Je crains, au risque de vous décevoir, d’avoir du mal à décorréler Union européenne et États-Unis dans ma réponse. Il est légitime, malgré les gesticulations (le terme est sévère, j’en conviens) diplomatiques ô combien tardives d’Emmanuel Macron, de considérer l’Union européenne comme un « nain politique ». Pardonnez l’expression fort usitée mais le conflit ukrainien révèle, comme le Covid 19 avant lui, la relative cacophonie intra-européenne et plus grave encore selon moi, la forte dépendance à Washington.
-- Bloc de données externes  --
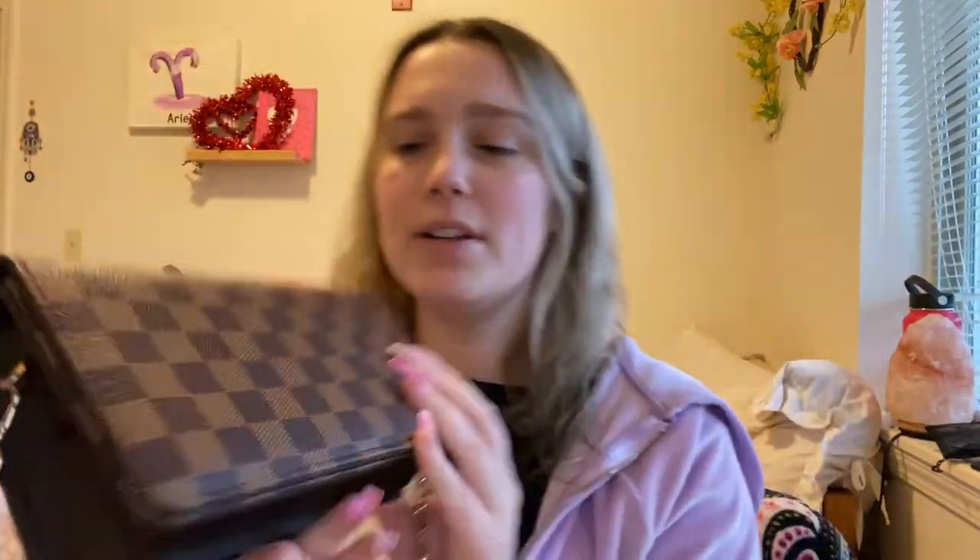Here it is — here's the chain, it is so nice and cute. Also the back is checkered too. The feeling is really nice and it's vegan leather, so if you're vegan or don't want animal products, this is a great substitute. Louis Vuitton uses actual leather, so if you don't like supporting that — I'm personally vegetarian and try not to use animal products like fur.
Il ne vous aura ainsi pas échappé que le cabinet de conseil privé McKinsey & Company a été sollicité par le gouvernement français pour la gestion économique, politique et sociale de la pandémie. La voix encore prépondérante de la Maison blanche sur les affaires européennes pose question, surtout en France où les restes de gaullisme (le Général est pourtant cité à tort et à travers) s’émiettent chaque jour un peu plus. Et que dire de la déploration par le président français de l’état de « de mort cérébrale » de l’OTAN en novembre 2021 ? L’on a pu croire un temps qu’UE et OTAN ne rimaient pas nécessairement, et je veux croire qu’il existât une frange de la population ukrainienne sincèrement attachée à une Europe continentale (que j’oppose ici à atlantiste) pacifiée et dont les traditions – héritage helléno-chrétien, science positive, progrès technique et humain, universalisme – tisseraient un continuum jusqu’aux portes de l’Asie. Si l’adhésion à l’Union pourrait apparaître quelque peu analogique à un passage de l’Est vers l’Ouest – « monde libre », nations « souveraines », libertés politiques et sociétales, économie ouverte etc. – les Ukrainiens actuels ne sont pas pour autant dupes des vicissitudes et de l’essoufflement européiste contemporain.

Le sociétal est ici une ligne de fracture manifeste, et je ne peux l’ignorer plus longtemps. Il n’est point abusif de dire que les sociétés occidentales (tout du moins le monde médiatico-politique, faiseur d’opinion) embrassent à l’heure actuelle un progressisme protéiforme largement importé des États-Unis. Par « marxisme culturel », j’entends le passage (plutôt saut sémantique et phénoménologique) du marxisme philosophique, politique et économique à celui de sociéto-culturel. Pour le dire autrement, l’extension ou transfert du cadre de la lutte des classes à celle des identités. Si l’expression cultural marxism connaît de plus grands emplois et notoriété outre-Atlantique, les phénomènes qu’elle recouvre me paraissent pertinemment décrits par ce syntagme. Ainsi, les divers phénomènes et mouvements culturels (parfois militants) tels les multiculturalisme, postcolonialisme, théorie du genre, féminisme extrême ou homosexualisme – synthétisés sous le vocable « wokisme » – ne bénéficient pas d’une telle caisse de résonance au sein de l’Europe slave et orientale, c’est là un euphémisme.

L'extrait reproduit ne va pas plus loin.